The future of agency work itself is also more unstable. Brands rarely now have one agency that does all their work for a fixed period of time. Brands are doing things in-house, outsourcing things project by project, sometimes unpredictably. The rise of digital media makes deliverables come by the hour, not by the month. There is more work. All of that means the rise of entirely new working models that ebb and flow, and what’s begun to be known in the industry as a “slash worker,” as in a designer/copywriter/Uber driver.
For freelancers who often don’t get paid on time, it often ends up being an issue with the setup of the system. Thirty-three percent of businesses say they have payments due to them that are over 90 days late, according to research released on Monday by the Payment Practices Barometer.
“It was funny because I was under the impression that you complete the work, then you get paid,” said Cosmo Iannopollo, a former agency copywriter who went freelance recently. “Like when you go to a restaurant and pay a bill after you eat.”
He didn’t get paid for weeks, then started to make calls. It turns out, the company had a 90-day payment cycle with its client, so it had a longer cycle with paying its freelancers, too. Agencies often treat anyone they work with, including publishers, like banks. Shit rolls downhill.

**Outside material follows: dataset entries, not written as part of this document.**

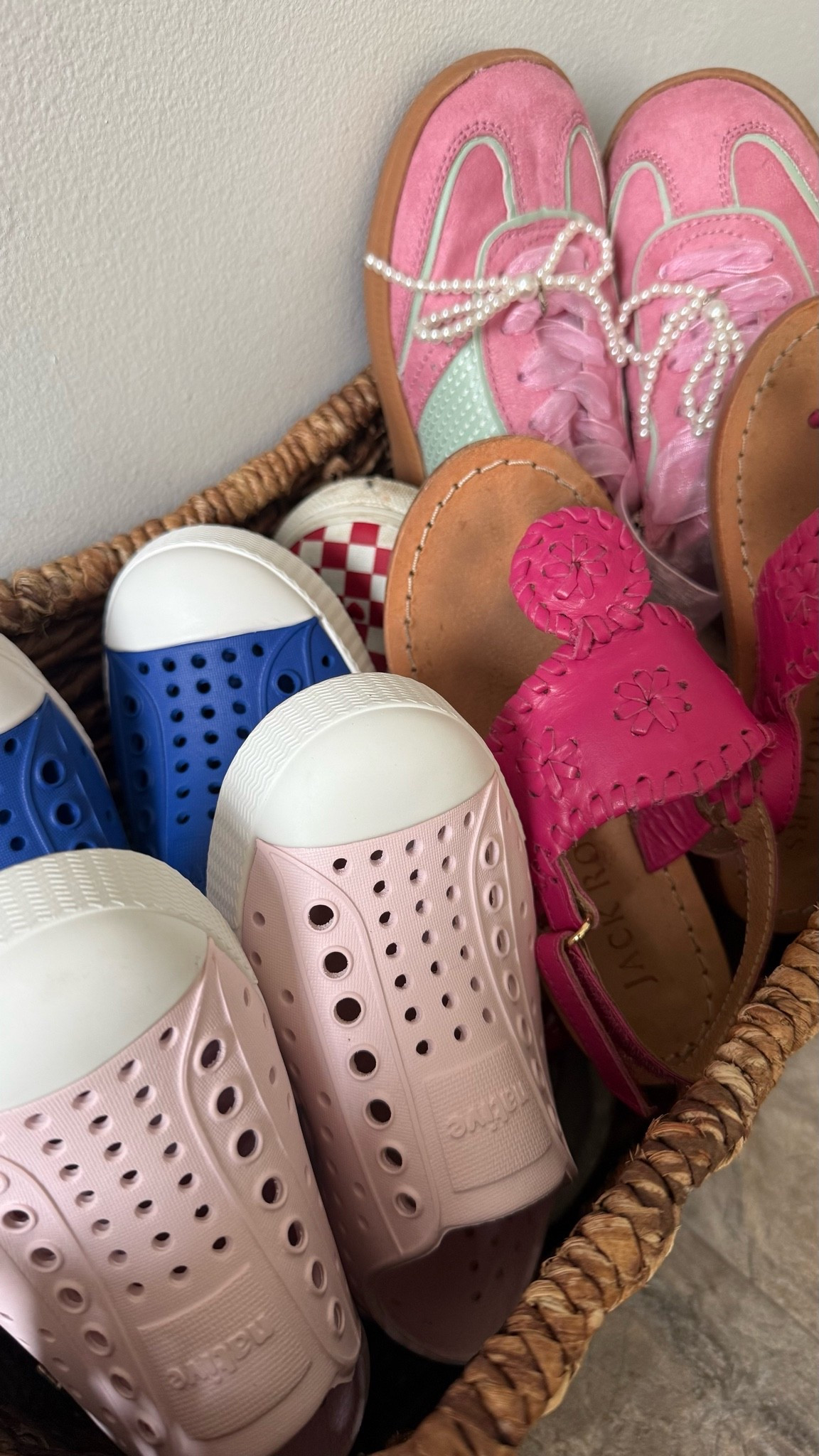 Her new shoe line up for school! Sneakers, sandals, waterproof slip ons! She is set! Our favorite toddler girl back to school shoes!

#LTKSeasonal #LTKKids #LTKSaleAlert
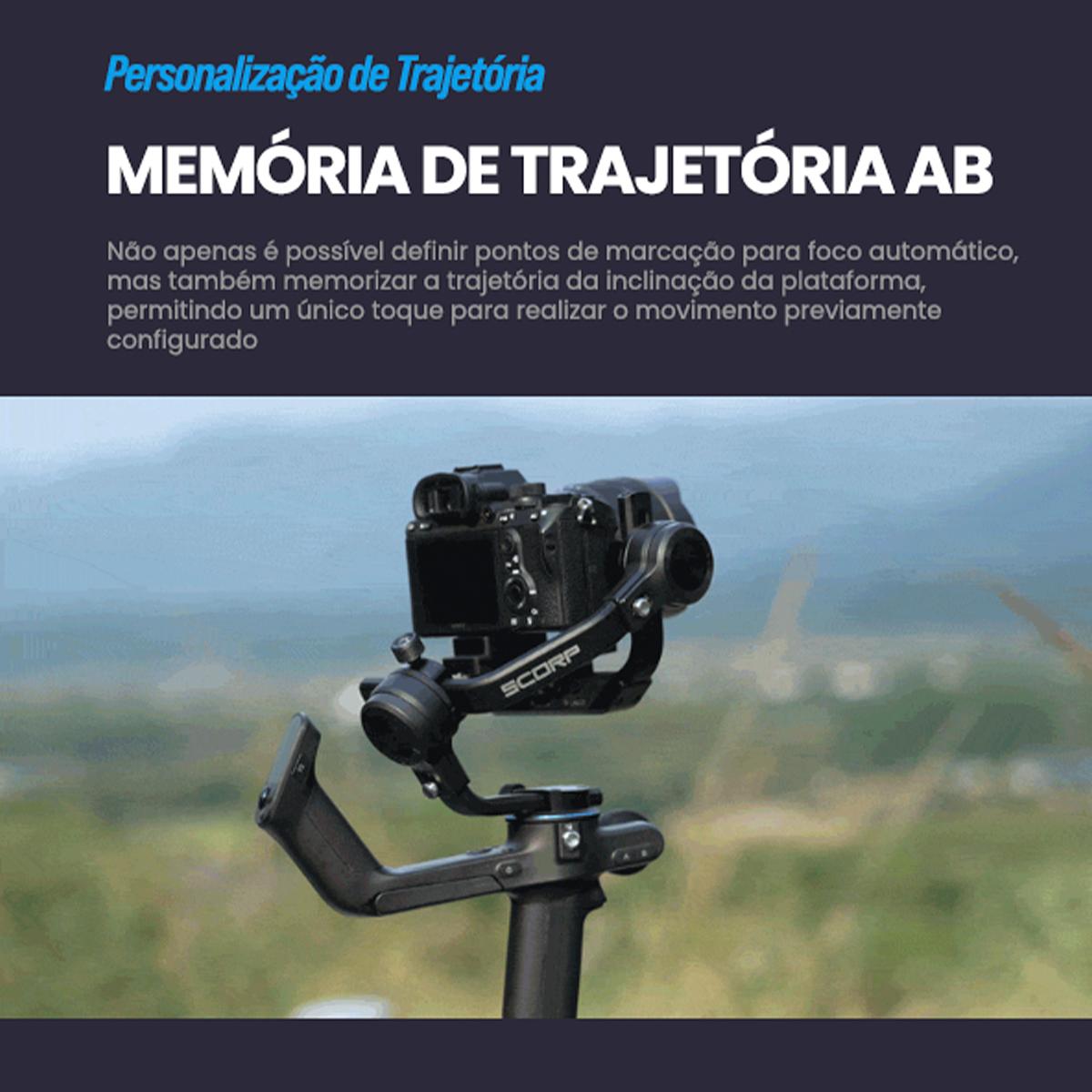 Estabilizador Profissional para Câmeras - Gimbal Scorp-C - Feiyutech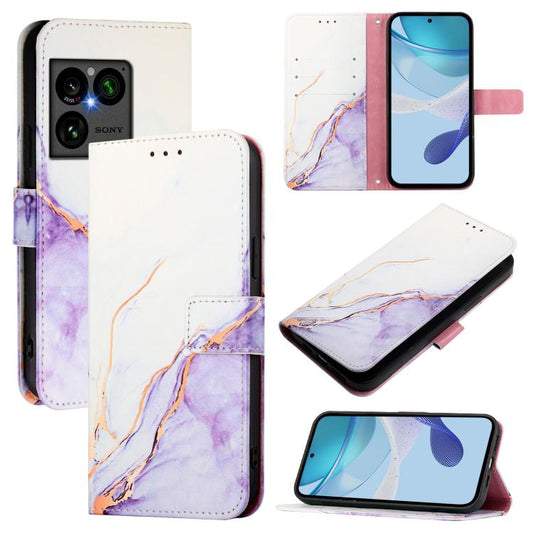 PT003 Marble Pattern Flip Leather Phone Case, For Sony Xperia 1 VIII, For Sony Xperia 10 VI, For Sony Xperia 1 VI, For Sony Xperia 5 VI, For Sony Xperia 5 V, For Sony Xperia 1 V, For Sony Xperia 10 V, For Sony Xperia 10 IV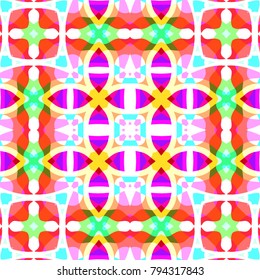 Abstract geometric pattern. Print, cloth design, wallpaper. Vector illustration.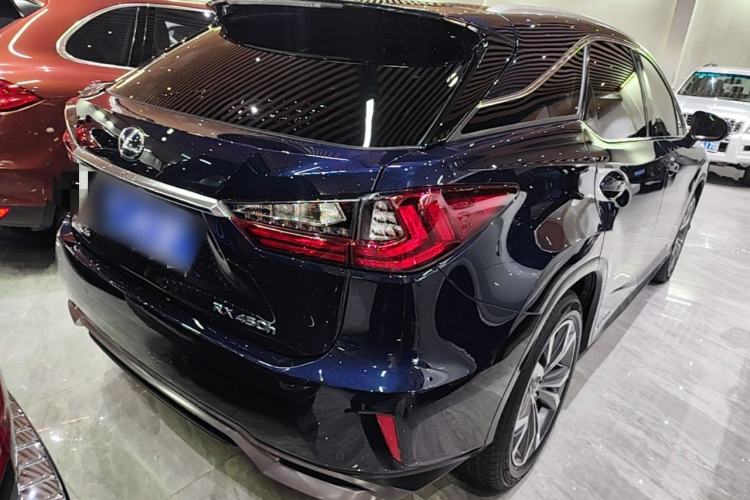 Used Lexus RX 2016 450h Four-Wheel Drive Elegant Edition Rear Right 45 Deg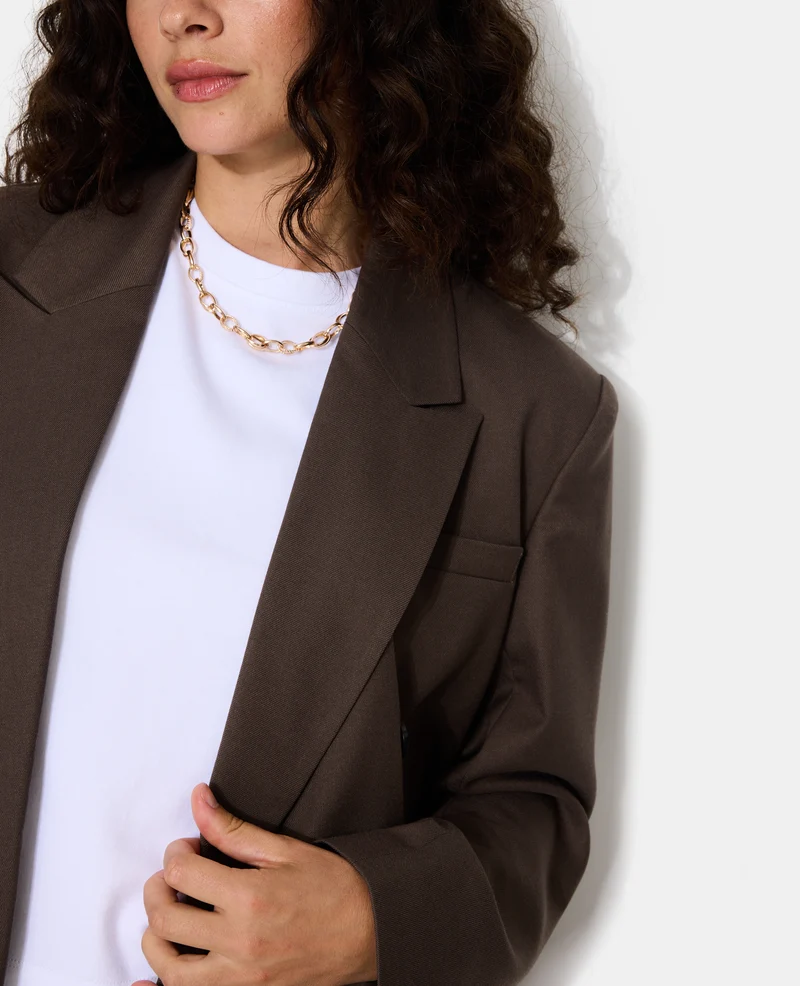 Veste blazer oversize double boutonnage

On Monday, And Co released a new report that interviewed 300 freelancers that worked across creative, design and development fields. About 77 percent of them said going freelance made them less financially stable, while 60 percent of them said they feel a general lack of respect for freelancers from their clients. About 71 percent of them said they’d had the experience of not getting paid by a client.
Leif Abraham, CEO of And Co and a former agency freelancer, said the biggest problem in the industry is that freelancers rarely have any idea what’s going on. “Disagreements are happening without legal contracts; terms of agreements are never put in place.”
Abraham said one thing he often sees is that big holding company-owned agencies are often the hardest to work with. Freelance talent often gets a zip file with seven PDF documents to complete. The error rate is high: Often there are small mistakes on Page 5 that aren’t caught until it’s Day 30.
Michael Howard, a freelancer who has worked with most major agencies, said that for him, whether unfair or not, he has to decide whether to burn a long-term relationship in favor of what he dubs “small details.” For example, if he’s doing a shoot in Los Angeles, payments are based on a five-day work week — even though he’ll work every weekend. “That’s just how it is,” he said. “The relationship with the agency is more important.”
Another issue that stops freelancers from fighting back is the danger of being blackballed. Multiple freelancers spoken to for this piece said the biggest scare is if you push back against one agency whose employees always know people everywhere else. “People talk,” said Howard.
Dan Fietsam, chief creative officer at Laughlin, said longer-term arrangements are absolutely important and also make the price more negotiable. For him, “most of the freelance [community] is a known network, so it’s critical for both sides to be fair in regards of timing, rate and communication.”
What if the freelancers blacklist agencies that pay late or pay unfairly? It doesn’t happen. “Perhaps it’s the nature of creative people, but we are insecure in general about our work’s value,” said Howard. “We wouldn’t do that.”